[What to produce]
Which lines run from the one containing "Lorca Sutullena station after the quake." through the end of the entries? Restate them word for word, and only those.

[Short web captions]
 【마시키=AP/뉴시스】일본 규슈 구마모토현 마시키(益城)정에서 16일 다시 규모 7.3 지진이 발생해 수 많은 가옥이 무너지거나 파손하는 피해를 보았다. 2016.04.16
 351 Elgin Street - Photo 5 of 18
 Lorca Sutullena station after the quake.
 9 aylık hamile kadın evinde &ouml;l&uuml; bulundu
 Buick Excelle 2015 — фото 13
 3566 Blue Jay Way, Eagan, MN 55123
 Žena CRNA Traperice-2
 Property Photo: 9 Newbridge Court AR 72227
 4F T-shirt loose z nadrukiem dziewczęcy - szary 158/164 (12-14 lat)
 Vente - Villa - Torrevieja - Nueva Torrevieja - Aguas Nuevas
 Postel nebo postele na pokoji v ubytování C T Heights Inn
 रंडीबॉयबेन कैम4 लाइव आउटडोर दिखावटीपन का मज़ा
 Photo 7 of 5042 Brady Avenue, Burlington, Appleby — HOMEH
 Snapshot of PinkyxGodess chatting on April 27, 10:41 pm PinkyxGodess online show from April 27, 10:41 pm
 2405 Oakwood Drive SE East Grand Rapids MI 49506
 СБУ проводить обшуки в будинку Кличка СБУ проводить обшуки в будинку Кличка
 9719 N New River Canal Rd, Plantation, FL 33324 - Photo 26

[Task result]
 Lorca Sutullena station after the quake.
 9 aylık hamile kadın evinde &ouml;l&uuml; bulundu
 Buick Excelle 2015 — фото 13
 3566 Blue Jay Way, Eagan, MN 55123
 Žena CRNA Traperice-2
 Property Photo: 9 Newbridge Court AR 72227
 4F T-shirt loose z nadrukiem dziewczęcy - szary 158/164 (12-14 lat)
 Vente - Villa - Torrevieja - Nueva Torrevieja - Aguas Nuevas
 Postel nebo postele na pokoji v ubytování C T Heights Inn
 रंडीबॉयबेन कैम4 लाइव आउटडोर दिखावटीपन का मज़ा
 Photo 7 of 5042 Brady Avenue, Burlington, Appleby — HOMEH
 Snapshot of PinkyxGodess chatting on April 27, 10:41 pm PinkyxGodess online show from April 27, 10:41 pm
 2405 Oakwood Drive SE East Grand Rapids MI 49506
 СБУ проводить обшуки в будинку Кличка СБУ проводить обшуки в будинку Кличка
 9719 N New River Canal Rd, Plantation, FL 33324 - Photo 26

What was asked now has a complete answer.